You won’t often see a cosmopolitan spin or fusion of cuisine in Appalachia. This is unfortunate, because the flavors of their native foods lend themselves to experimentation, and elk is no exception. I find salty soy sauce, sweet sake, and earthy Asian spices make elk sing.
If you haven’t tried elk (or deer) with an Asian flair, I highly recommend this recipe. I have eaten lots of elk and deer prepared different ways, but this has been my favorite preparation, hands down.
4 elk chops, thick cut (should weigh a little over 1 pound)
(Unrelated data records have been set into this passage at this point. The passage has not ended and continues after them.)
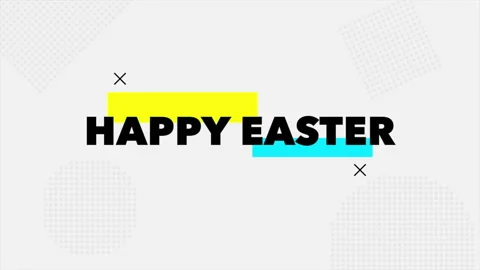 Happy Easter with colorful shapes on white gradient Stock Footage 236176016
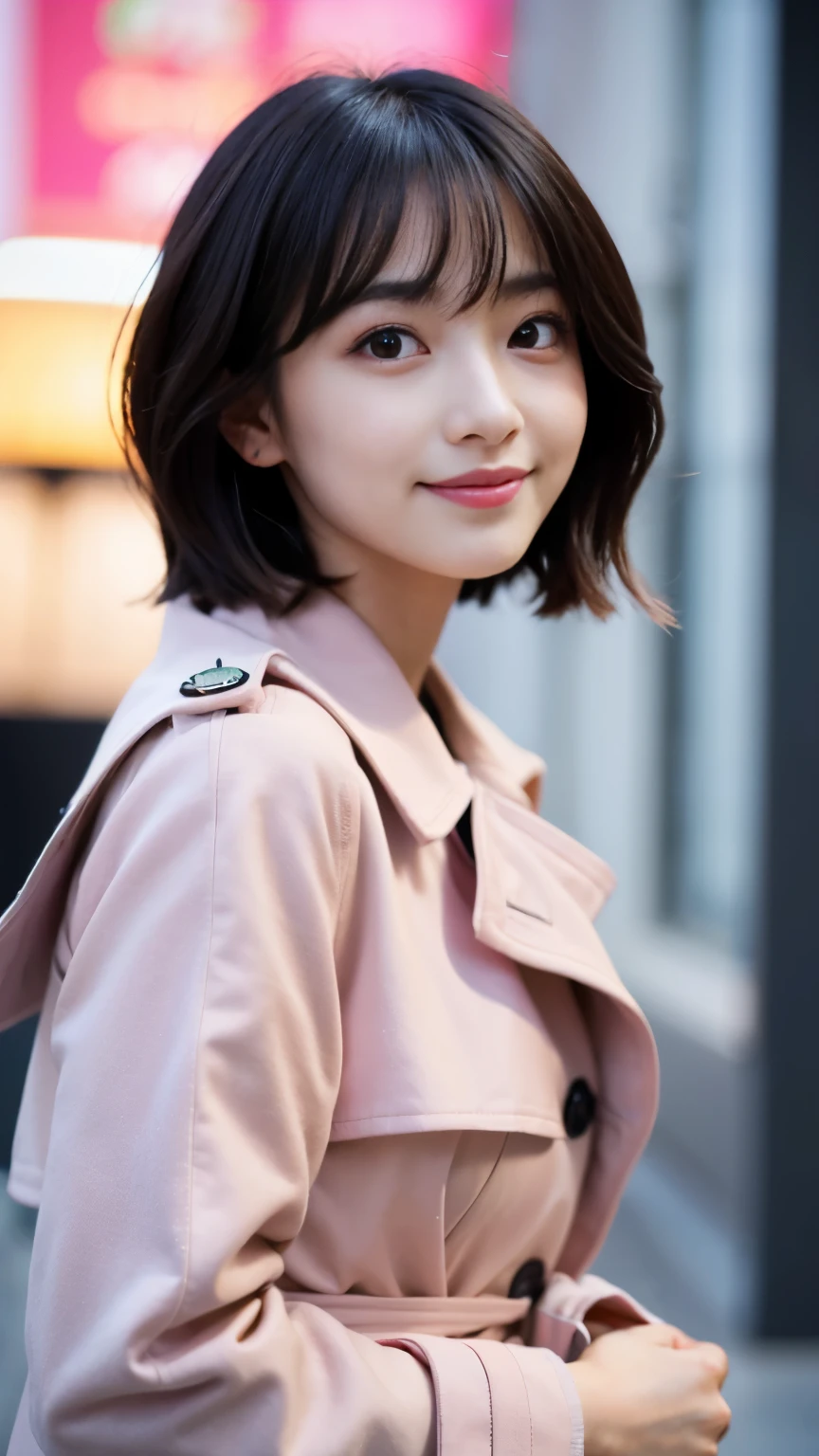 Best-quality, Masterpiece, Ultra-High-Resolution, (Photorealistic:1.4), Raw-Photo, 1girl, the most famous Japanese idol, dynamic-pose, innocent-smile, looking at viewer, (wearing light-pink trench-coat with stylish-design), (extremely cute face like the most popular Japanese idol), (extremely beautiful black-short-cut-haired), (((extremely beautiful big-black-eyes))), extremely beautiful skins, extremely beautiful long-eyelashes, extremely beautiful lips, detailed light-pink-trench-coat-with-stylish-design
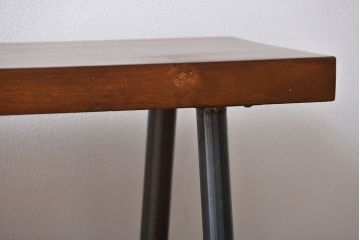 レトロ家具　 昭和レトロ　天板一枚板　古材を使った鉄脚ベンチ(5)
3 tablespoons grapeseed or canola oil
1½ tablespoons soy sauce
1½ teaspoons mirin (sweetened sake)
1½ teaspoons Chinese five-spice powder
1½ teaspoons rice vinegar
3/4 teaspoon sriracha sauce
3/4 teaspoon black pepper
Splash of canola oil
2 tablespoons minced ginger
4 garlic cloves, minced
¼ cup coarsely chopped cilantro
Zest of 1 Meyer lemon
Place the elk chops in a large resealable plastic bag. Whisk together the marinade ingredients, then pour into the plastic bag with the chops and let the meat marinate for a minimum of fifteen minutes or as long as two hours. Remove the chops from the marinade and set on a baking sheet while you prepare the sauce.
For the sauce, heat the oil in small skillet over medium-high heat. Add the ginger and sauté for about 1 minute, then add the garlic and continue to cook for another 30 seconds. Pour in the reserved marinade and reduce the heat to medium. Stir occasionally as you reduce the sauce by half.
As the sauce is reducing, turn on the broiler element in your oven and place the oven rack in the highest position. Place the baking sheet with the shops under the broiler and broil about 4 minutes on one side and 2 minutes on the other. Do not overcook elk, as it is very lean and will become tough in a hurry.
Remove the chops and let rest for about 2 minutes, then plate. Spoon the sauce over the chops, sprinkle with Chinese parsley and lemon zest, and serve with your favorite Asian vegetable.